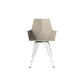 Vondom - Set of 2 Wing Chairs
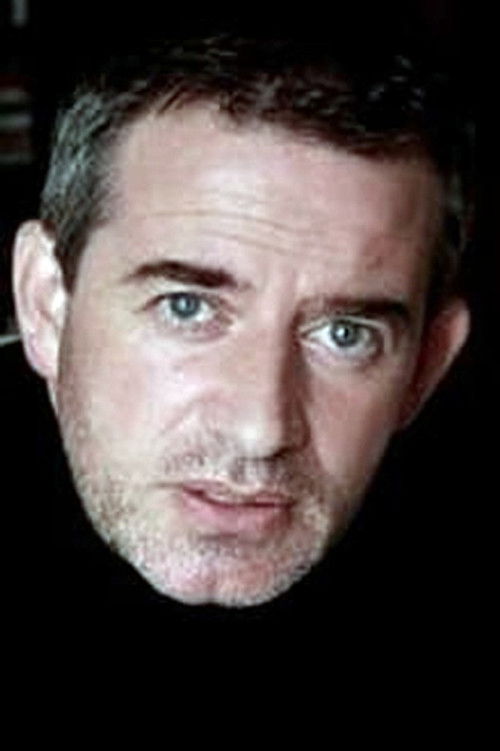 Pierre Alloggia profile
------------------------------------------------------------------------
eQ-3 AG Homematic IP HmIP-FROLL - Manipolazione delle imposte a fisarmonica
------------------------------------------------------------------------
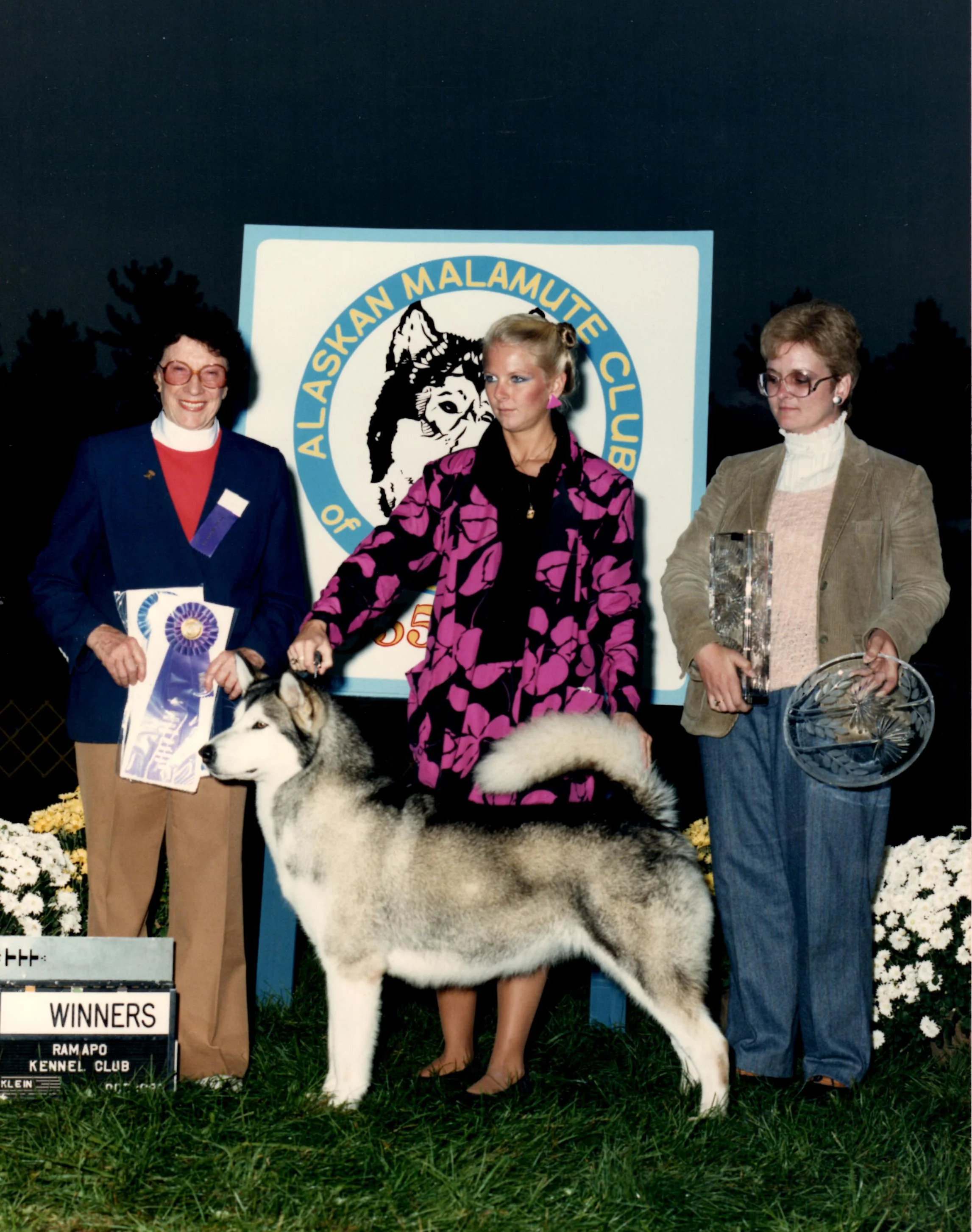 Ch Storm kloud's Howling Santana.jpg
------------------------------------------------------------------------
Starting with the line that contains "Vondom - Set of 2 Wing Chairs" and finishing with the line that contains "Pierre Alloggia profile", reproduce every line of the material above exactly, but not the pictures.

 Vondom - Set of 2 Wing Chairs
 Pierre Alloggia profile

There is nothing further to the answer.